Zinc oxide is the active ingredient in many diaper rash products. They are usually applied to the rash throughout the day to soothe and protect your baby’s skin. It doesn’t take much – a thin covering will do. The product can be applied over medicated creams, such as an antifungal or a steroid, when necessary. You could also apply petroleum jelly on top, which helps keep the diaper from sticking to the cream.
Ointments, pastes or creams may be less irritating than lotions. But ointments and pastes create a barrier over the skin and don’t allow it to receive air. Creams dry on the skin and allow air through.

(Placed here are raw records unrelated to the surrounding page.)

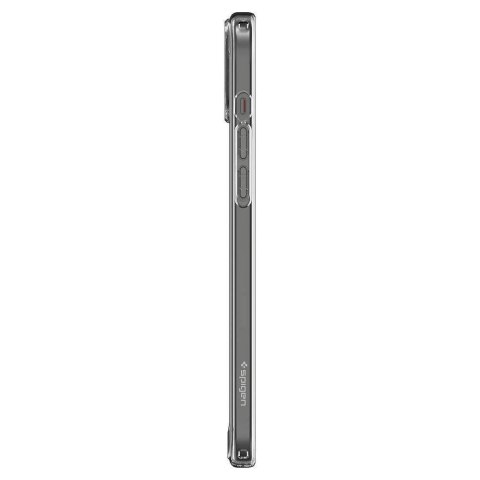 SPIGEN futerał ULTRA HYBRID do IPHONE 16 crystal clear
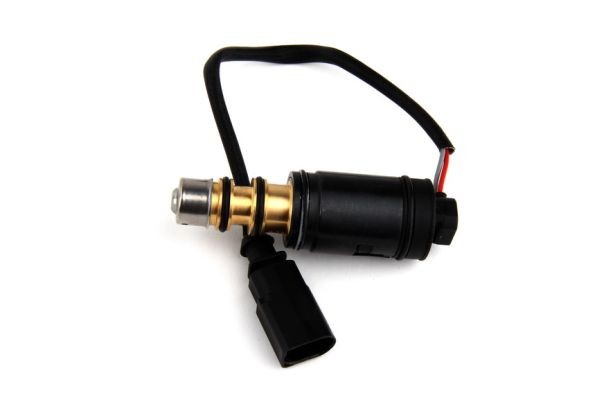 THERMOTEC KTT060028 Control Valve, air conditioning compressor for VW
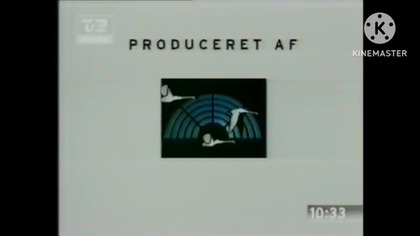 Morgen TV A/S Logo History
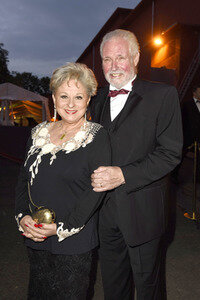 Gala 70 Jahre CCC in Berlin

Talk with your doctor about what type of product would be better for your child’s rash.
As a general rule, stick with products designed for babies. Avoid items containing baking soda, boric acid, camphor, phenol, benzocaine, diphenhydramine, or salicylates. These ingredients can be toxic for babies.
- Bathing daily. Until the rash clears up, give your baby a bath each day. Use warm water with mild, fragrance-free soap.